== PROBLEM DETAILS ==
Record by record, write out the listing word for word while omitting pictures.

(EXTRACTED INFORMATION Opens)

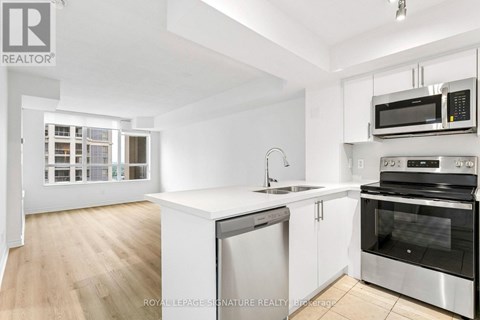 A white kitchen with a sink and stove.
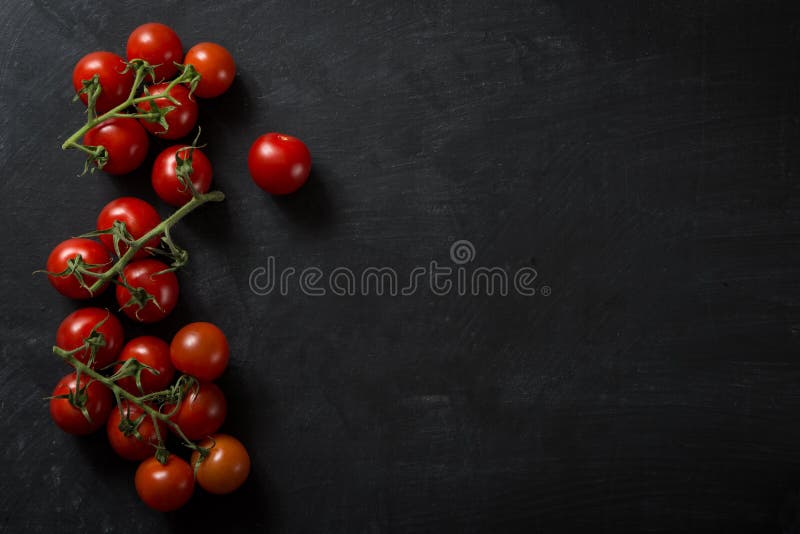 Food Ingredients small Tomatoes on dark background. Food Ingredients small Tomatoes on dark background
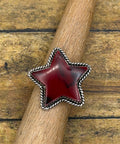 A star-shaped silver ring with a deep red cabochon stone, displayed on a wooden dowel over a rustic wooden plank background.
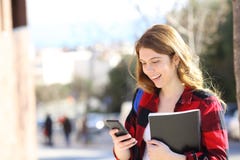 L'étudiant heureux utilise le téléphone intelligent dans la rue photo stock L'étudiant heureux utilise le téléphone intelligent dans la rue photo stock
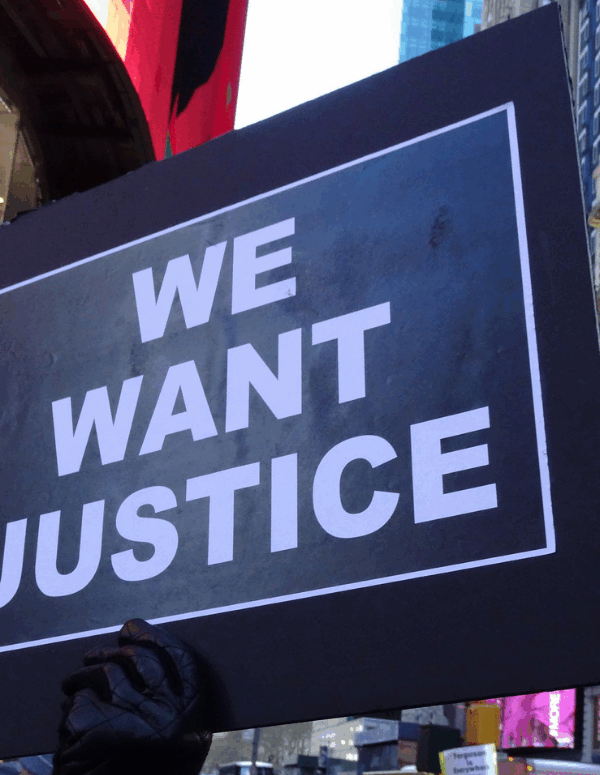 a protest sign that says "We Want Justice"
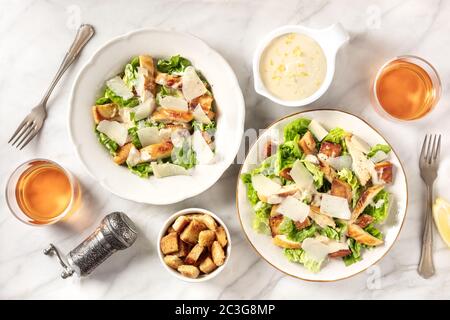 Caesar Salat mit der klassischen Sauce und Wein, von oben auf einem weißen Marmorgrund geschossen Stockfoto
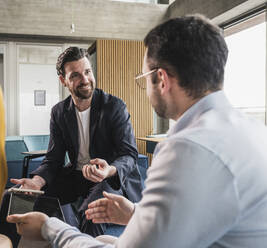 Smiling businessman and colleague discussing at workplace - UUF28648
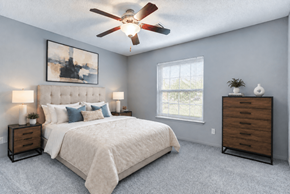 Schaumburg apartment for rent - A bedroom with a large bed, a ceiling fan, and a window.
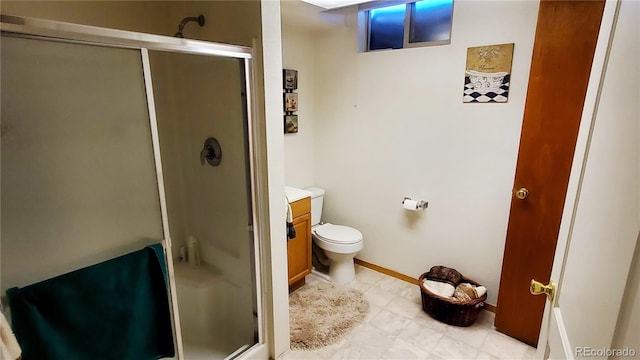 bathroom with vanity, toilet, and an enclosed shower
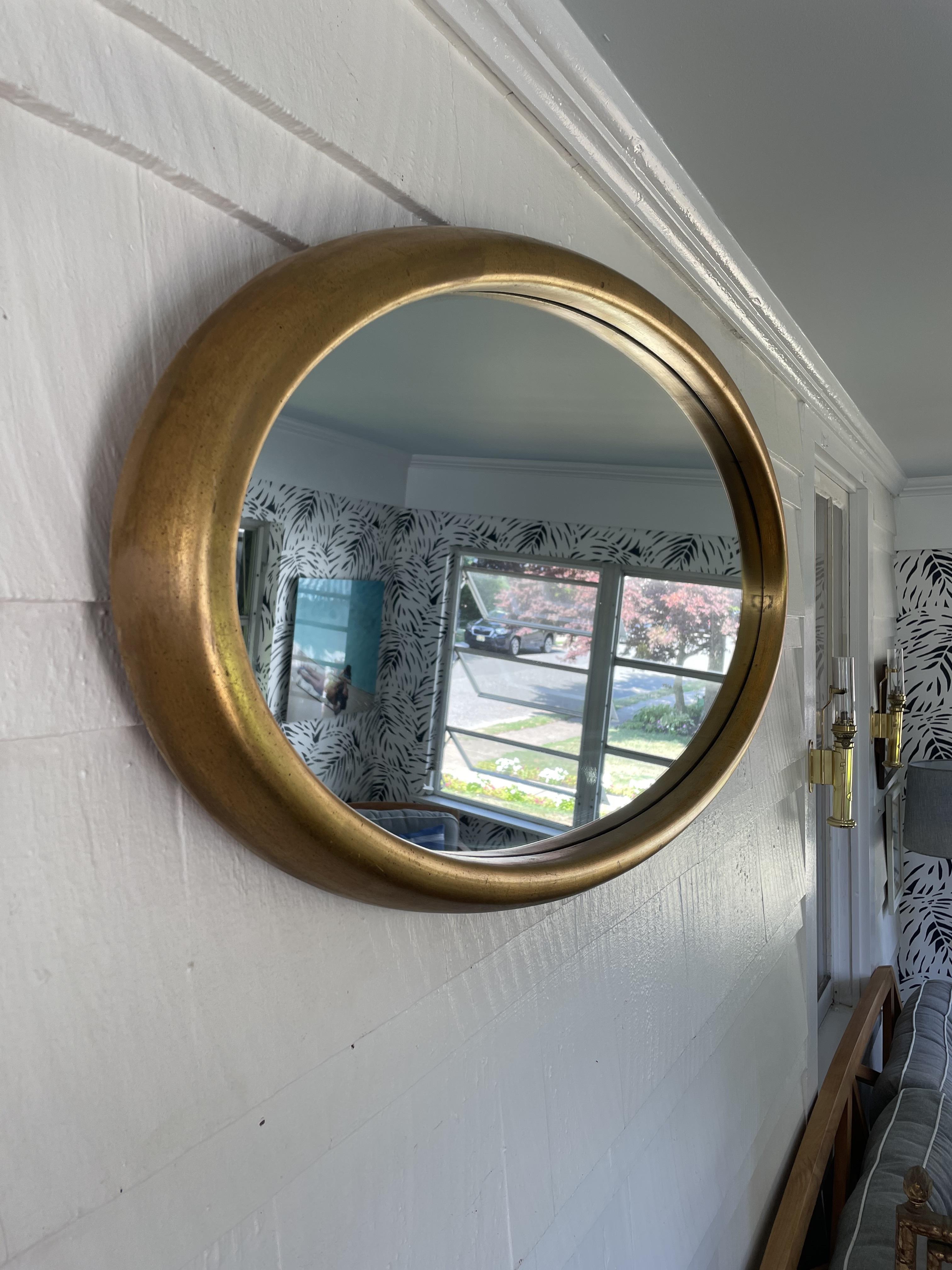 Big pop in this large oval mirror from the 1950's-60's. Deep bordered frame in gold gilt finish.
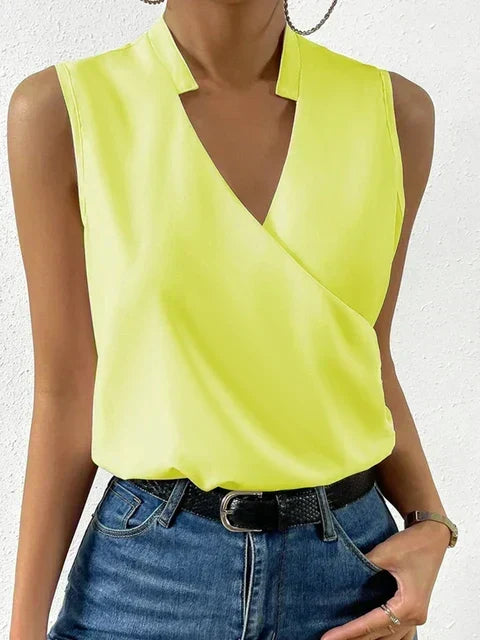 Elegant women's sleeveless wrap V-neck top. Relaxed fit blouse, perfect for smart casual & summer fashion.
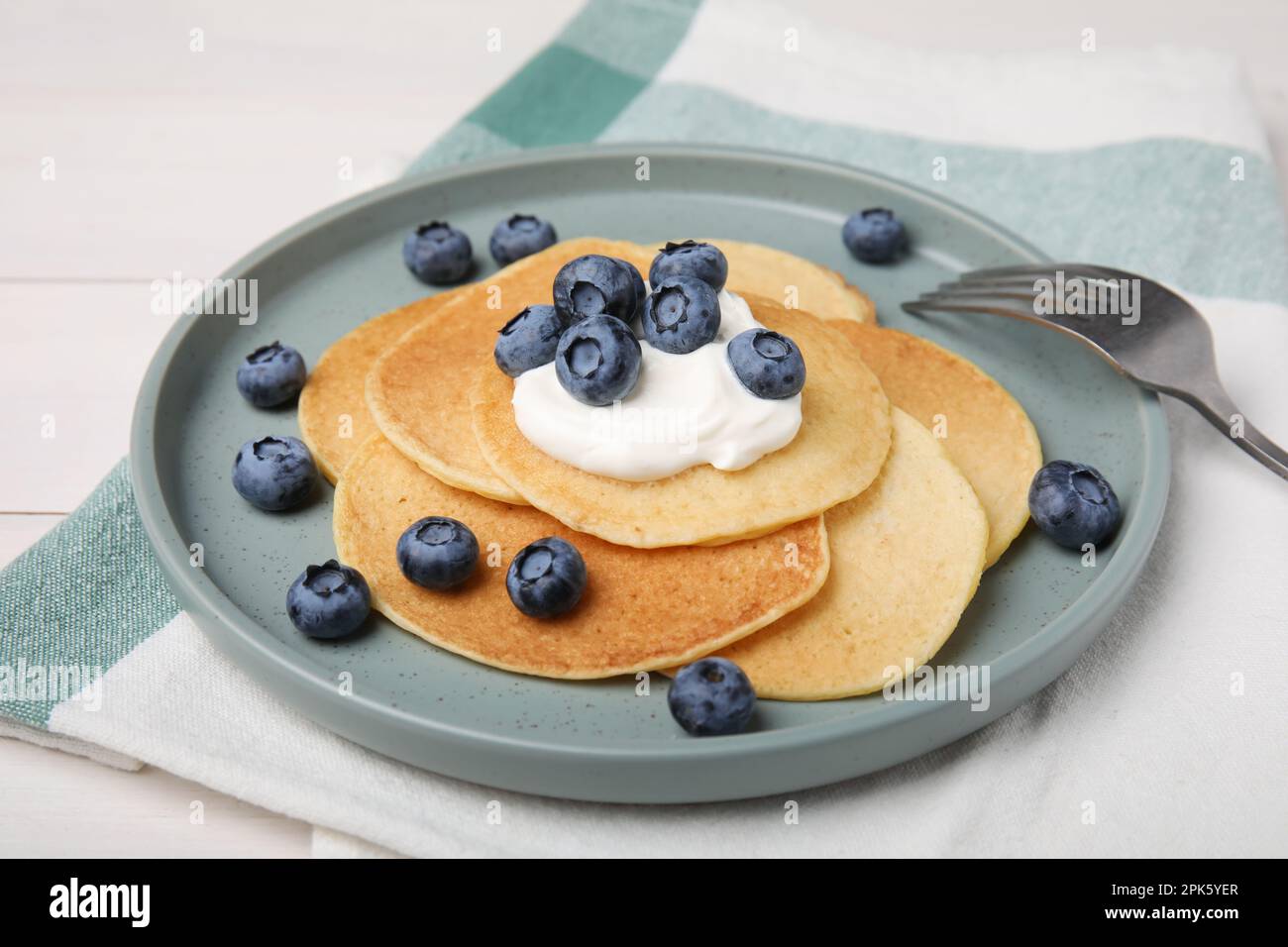 Tasty pancakes with natural yogurt and blueberries on white wooden table Stock Photo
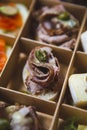 Delicious canape snack with beef meat delivered in cardboard box for catering service on wine party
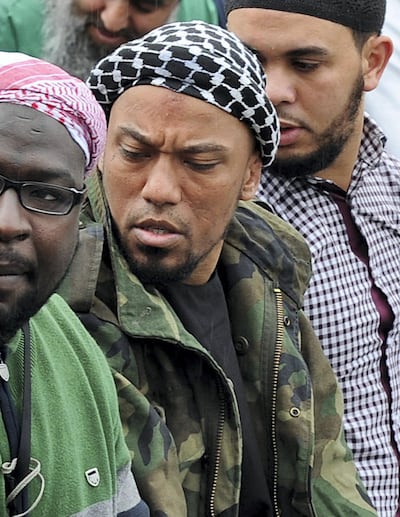 Picture taken on May 5, 2012 shows former German rapper Denis Cuspert (C) among salafi in Bonn, Germany. Denis Mamadou Cuspert, who rapped under the name Deso Dogg but took on the name Abu Talha al-Almani in Syria, was initially reported to have been killed in a suicide attack Sunday in an eastern province but hours later some retracted the claim, saying he was still alive. AFP PHOTO /DPA/  HENNING KAISER  GERMANY OUT (Photo by HENNING KAISER / DPA / AFP)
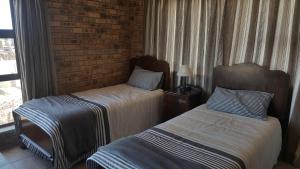 Ένα ή περισσότερα κρεβάτια σε δωμάτιο στο Alikreukel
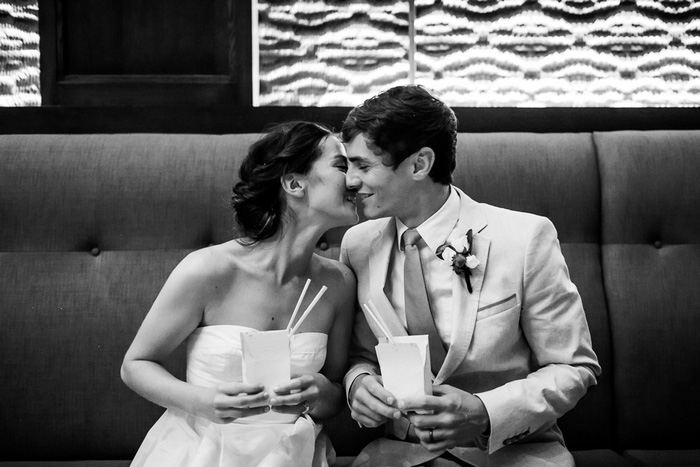 bride and groom kissing at reception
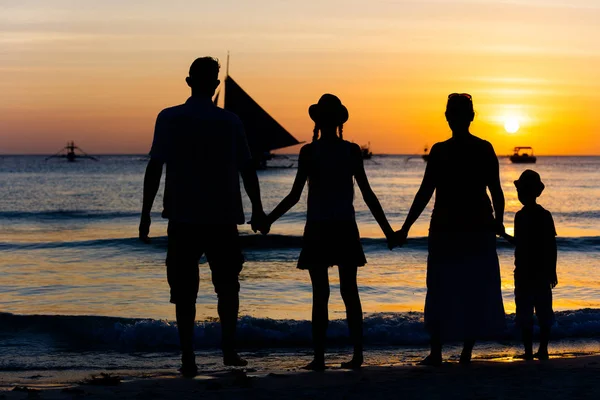 Silhouette of happy family having fun on the beach at the sunset time. — Stock Photo, Image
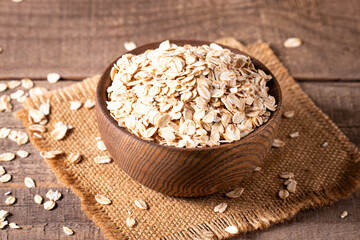 Raw oats in a wooden bowl on a wooden background. Organic food concept. 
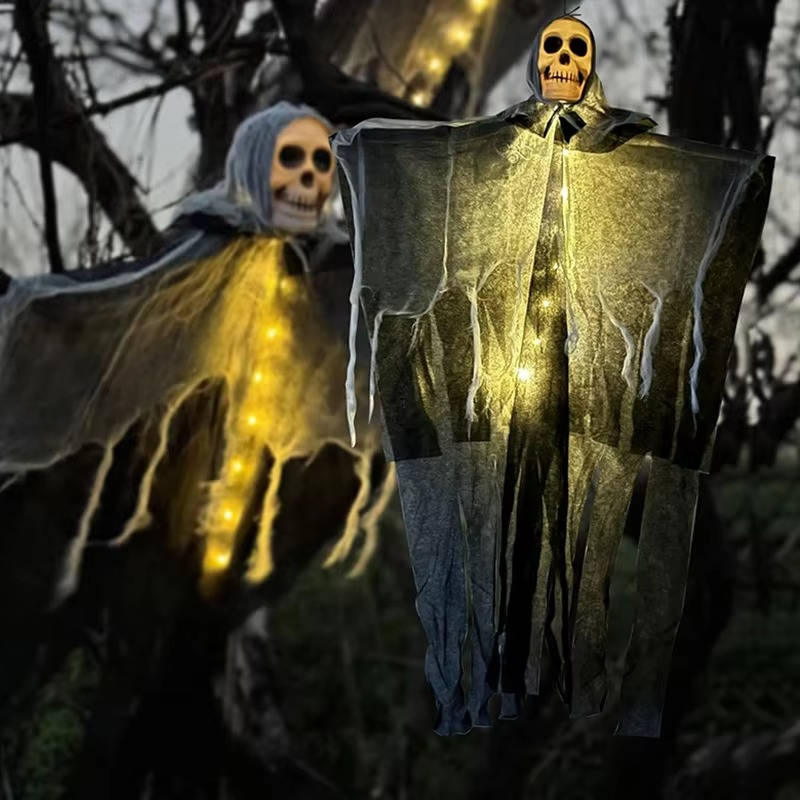 Set of two hanging Halloween skull decorations with LED glow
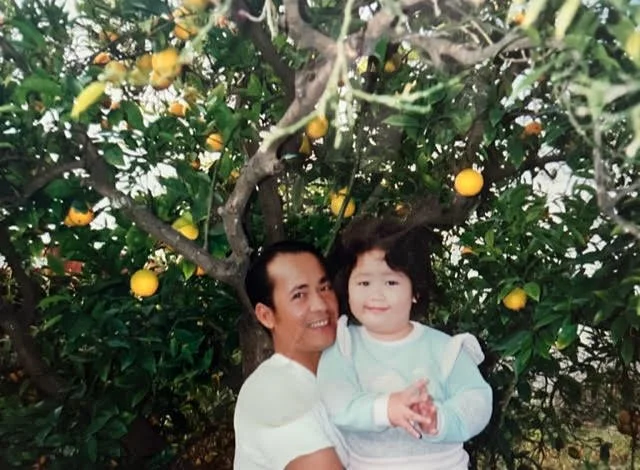 A man and a young girl standing close together in front of a lemon tree with yellow lemons, smiling at the camera.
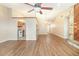 Open-concept living room with wood-look flooring, neutral walls, and a unique stone fireplace at 109 Long Leaf Pine Cir, Sanford, FL 32773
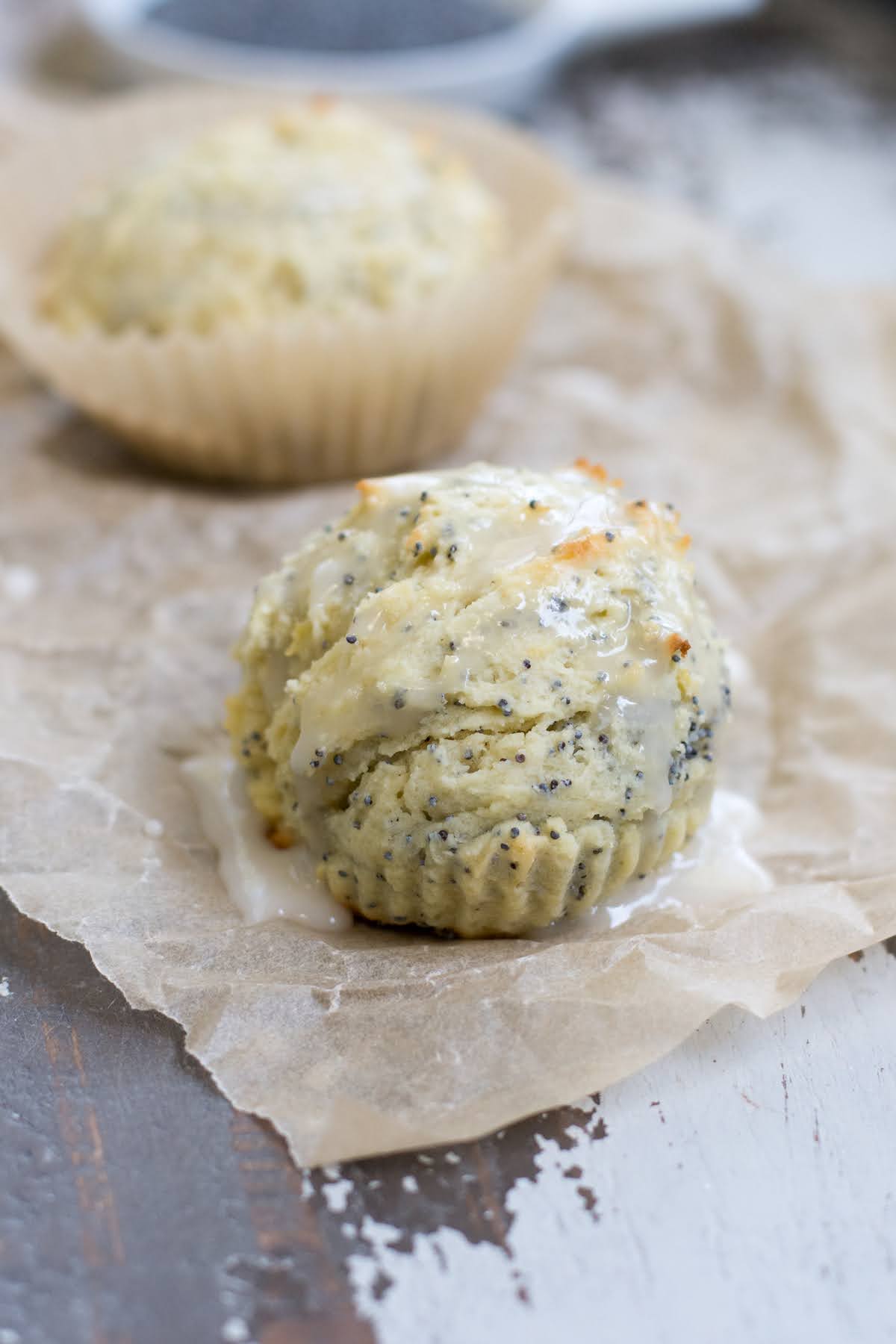 These are the perfect Gluten Free Lemon Poppyseed Muffins. Real lemon and crunchy poppy seeds in a tender, sweet muffin. Easy to make! Iced gluten free lemon poppyseed muffins on a piece of parchment.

(EXTRACTED INFORMATION Closes)

== YOUR SOLUTION ==
 A white kitchen with a sink and stove.
 Food Ingredients small Tomatoes on dark background. Food Ingredients small Tomatoes on dark background
 A star-shaped silver ring with a deep red cabochon stone, displayed on a wooden dowel over a rustic wooden plank background.
 L'étudiant heureux utilise le téléphone intelligent dans la rue photo stock L'étudiant heureux utilise le téléphone intelligent dans la rue photo stock
 a protest sign that says "We Want Justice"
 Caesar Salat mit der klassischen Sauce und Wein, von oben auf einem weißen Marmorgrund geschossen Stockfoto
 Smiling businessman and colleague discussing at workplace - UUF28648
 Schaumburg apartment for rent - A bedroom with a large bed, a ceiling fan, and a window.
 bathroom with vanity, toilet, and an enclosed shower
 Big pop in this large oval mirror from the 1950's-60's. Deep bordered frame in gold gilt finish.
 Elegant women's sleeveless wrap V-neck top. Relaxed fit blouse, perfect for smart casual & summer fashion.
 Tasty pancakes with natural yogurt and blueberries on white wooden table Stock Photo
 Delicious canape snack with beef meat delivered in cardboard box for catering service on wine party
 Picture taken on May 5, 2012 shows former German rapper Denis Cuspert (C) among salafi in Bonn, Germany. Denis Mamadou Cuspert, who rapped under the name Deso Dogg but took on the name Abu Talha al-Almani in Syria, was initially reported to have been killed in a suicide attack Sunday in an eastern province but hours later some retracted the claim, saying he was still alive. AFP PHOTO /DPA/  HENNING KAISER  GERMANY OUT (Photo by HENNING KAISER / DPA / AFP)
 Ένα ή περισσότερα κρεβάτια σε δωμάτιο στο Alikreukel
 bride and groom kissing at reception
 Silhouette of happy family having fun on the beach at the sunset time. — Stock Photo, Image
 Raw oats in a wooden bowl on a wooden background. Organic food concept. 
 Set of two hanging Halloween skull decorations with LED glow
 A man and a young girl standing close together in front of a lemon tree with yellow lemons, smiling at the camera.
 Open-concept living room with wood-look flooring, neutral walls, and a unique stone fireplace at 109 Long Leaf Pine Cir, Sanford, FL 32773
 These are the perfect Gluten Free Lemon Poppyseed Muffins. Real lemon and crunchy poppy seeds in a tender, sweet muffin. Easy to make! Iced gluten free lemon poppyseed muffins on a piece of parchment.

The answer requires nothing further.